Sevgi mi, tutsaklık mı?

Tüm hikâyenin kalbi, aslında Ed’in annesi Augusta Gein ile olan toksik ilişkisi. Dizinin ilk bölümlerinde bu ilişkinin bir tür dini takıntıya, bir tür varoluşsal bağımlılığa dönüştüğünü açıkça görüyoruz. Augusta, oğlunu günahkâr dünyadan koruduğuna inanırken, aslında kendi elleriyle cehennemin kapılarını aralıyor. Her nefesinde "erkekler kötüdür, kadınlar günahkâr" diyen bir annenin gölgesinde büyüyen Ed, sevgiyle kontrolün birbirine karıştığı bir dünyada yaşıyor.

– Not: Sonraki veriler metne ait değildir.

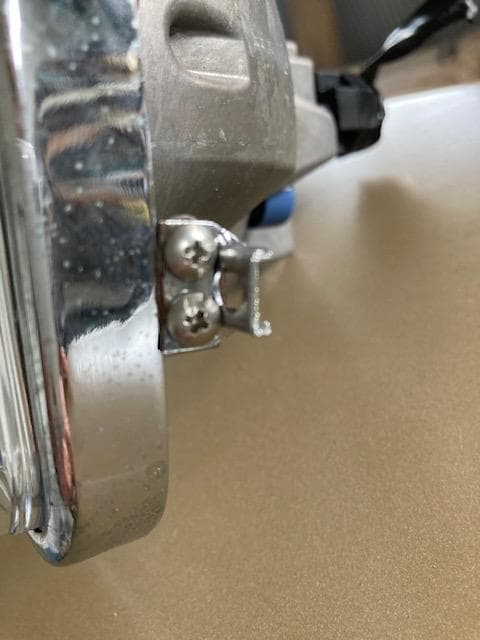 ZRX1200DAEGで使用 Koito 小糸製作所　LEDヘッドライト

Bu sezonda anne figürü, sadece Ed’in travmasının kaynağı değil; aynı zamanda Amerika’nın ya da diğer büyük coğrafyalardaki bastırılmış ahlaki ikiyüzlülüğünün de simgesi. Monster, bu anne-oğul ilişkisini korku türünün klasik çerçevesinden çıkarıp neredeyse trajik bir Yunan anlatısına dönüştürüyor. Annesinin ölümünden sonra Ed’in aklının daha da bozulmaya başlaması, bir çocuğun "anneliğin yokluğunda" nasıl var olamayacağını da gösteriyor bize.

Kurguyla hakikat arasında

Dizi, tarihsel doğrulukla kurgusal dramatize biçimleri arasında hassas bir dengede. Gerçek Ed Gein’in cinayetleri 1950’lerin sonlarında Wisconsin’de ortaya çıktı; bu konulara ilgi duyan (tıpkı Adeline gibi) bir kesim, onu her ne kadar ismi geçmese de ilk kez Psycho, The Texas Chainsaw Massacre ve The Silence of the Lambs gibi filmlerle tanıdı. İşte burada da, o ilham zincirine ait olan yapımlar bir bir ekrana taşınıyor.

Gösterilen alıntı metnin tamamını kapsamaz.